Tashaw-Hadji (Note: Воккха Хьаж; Taşaw-haci Endireyli
Also known as Tashev-Hadji and Tashav-Hadji from Endirey) (1770 – died 1843 or later) was one of the prominent leaders of the North Caucasian resistance during the Caucasian War, a companion of imam Shamil. He was the imam of Chechnya since 1834. Upon the death of Gazi-Muhammad, he was one of the major candidates at the elections of the Imam of Dagestan, losing to Shamil by one vote only. Later, he became one of the mudirs of Imam Shamil. He was also the governor (naib) of Aukh.

== Early biography ==

=== Origin ===
Tashaw-Hadji was born in the village of Endirey in the Northern Kumykia. According to the majority of sources he was of Kumyk origin.
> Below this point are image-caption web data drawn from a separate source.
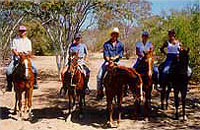 Cabo Horseback Riding Tour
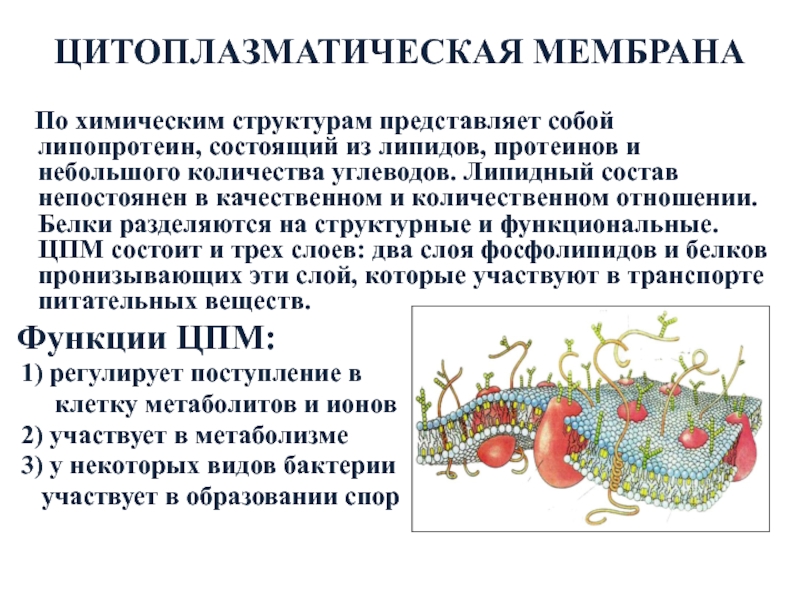 Мембрана бактерий. Строение и функции цитоплазматической мембраны клеток.. Цитоплазматическая мембрана п. Структура и функции цитоплазматической мембраны. Строение цитоплазматической мембраны бактерий.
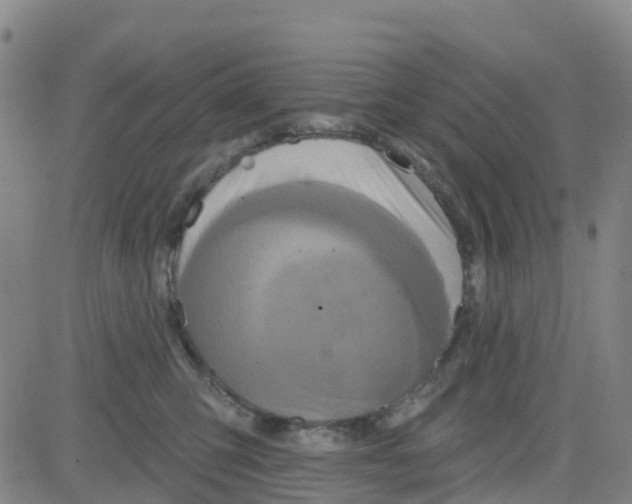 X0000084020423200703022102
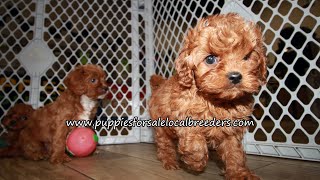 Yorkie, Cavapoo, Maltese, Poodle, Shih Tzu, Puppies For Sale, Atlanta, Georgia Local Breeders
Some contemporary historians claim that the ethnicity of Tashaw-Hadji remains unknown, while others suggest that he could have been both a Kumyk or a Chechen.

For example, Moshe Gammer, a researcher of Caucasus, writes that in the local written sources in Arabic Tashaw calls himself "al-Indiri", which means "from Endirey", concluding that Tashaw could have been a Kumyk or a Chechen, as the Kumyk village of Endirey had a Chechen minority. Gammer says Tashaw was an "Indiri Kumyk, leader of Chechens". Tashaw-Hadji himself spoke vaguely about his ethnic belonging, same as imam Shamil.
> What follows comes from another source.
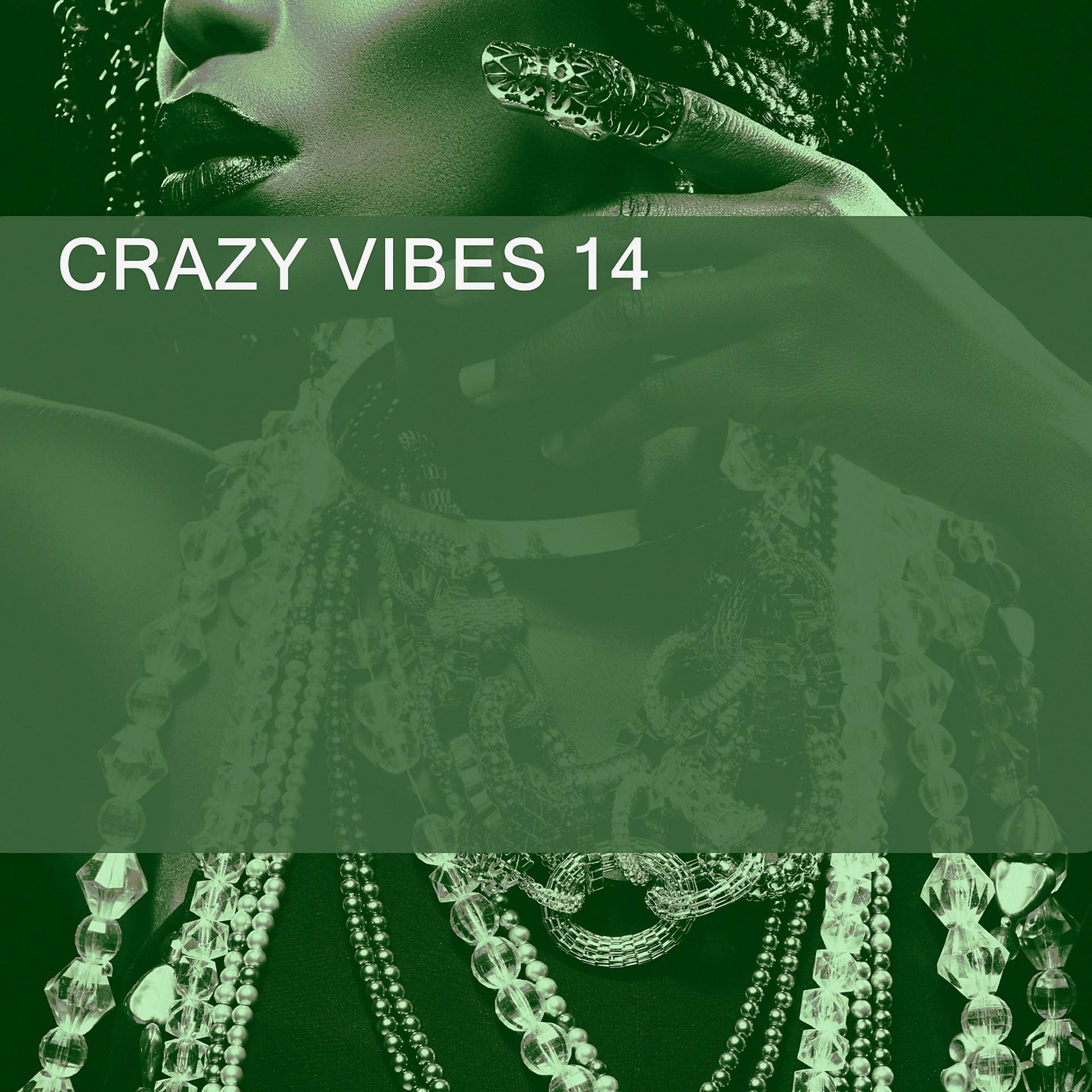Постер альбома CRAZY VIBES 14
There is also a version that he could have been a Chechen, born in the village of Michik. Soviet researcher Anna Zaks writes about Tashaw as a Kumyk, a native of Endirey, criticizing the version about his Chechen origin and about his alleged birth in Michik, citing the work of imam Shamil's personal scribe Muhammad Tahir al-Qarahi. Tashaw did not speak the Chechen language.

=== Before the Caucasian war ===
In the 1820s, Tashaw was a mullah in his native Endirey. He studied under prominent Dagestani religious figures, Said of Arakan and Muhammad of Yarag.

Tashaw-Hadji took part in the resistance to the Russian Empire led by Beibulat Taimiev in 1818-1826, along with his fellow Endireyans.

In 1831, Tashaw left Endirey, when the exposure of Endirey and its gate-keeping location made it a constant target of all warring parties. According to Anna Zaks, the reason to leave Endirey was in the destruction of a part of the village by the first Imam of Dagestan Gazi-Muhammad, who by doing so hoped to force the wavering part of Endireyans to join his struggle. It was at that time that Tashaw fled Endirey and joined the Imam. At the exact same time when Endirey was under attack from Gazi-Muhammad, its crop fields were being burned by the Russian troops in retaliation for resisting the Russian rule. That was the reason why Russian documents referred to Tashaw as to a "fugitive of the Endirey village".

According to another view, proposed by the professor Hasan Orazaev, who refers to local archive materials, the reason for Tashaw leaving Endirey was the treachery from the local "rich men and mullahs", who secretly accepted the submission to the Russian Tsar. Seeing that local population rose against this betrayal of the nobility, even ready to be killed, but not subdued, Tashaw might have decided to join the fight from the mountainous and more protected areas, as Endirey's lowland and easily accessible location had led to it being ravaged multiple times by the Russian troops, during many military campaigns.

After Tashaw had to leave Endirey, he initially settled in Salatavia in the village of Almak, then moved to Chechnya, to the village of Sayasan, which became his last home until his death in 1843 or later.